- _Data extract_
§

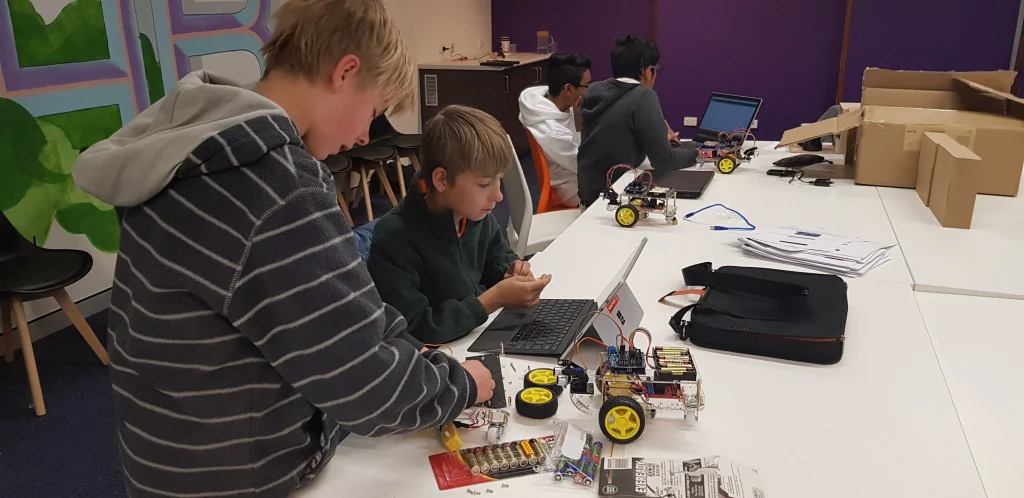 A child confidently coding on a laptop, engaged in a hands-on robotics and programming lesson.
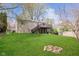 Spacious backyard featuring lush green grass and a charming fire pit with a view of the home's exterior at 2601 Fairhaven Dr, Indianapolis, IN 46229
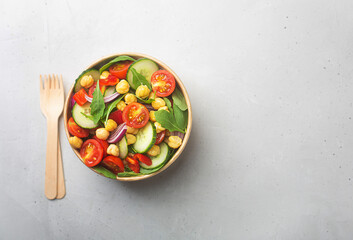 Vegetarian chickpea beans salad prepared with tomatoes and cucumber in a paper bowl with wooden fork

§

- _Activity_
The response must restate each line of the material above exactly and contain no images.

- _Output_
 A child confidently coding on a laptop, engaged in a hands-on robotics and programming lesson.
 Spacious backyard featuring lush green grass and a charming fire pit with a view of the home's exterior at 2601 Fairhaven Dr, Indianapolis, IN 46229
 Vegetarian chickpea beans salad prepared with tomatoes and cucumber in a paper bowl with wooden fork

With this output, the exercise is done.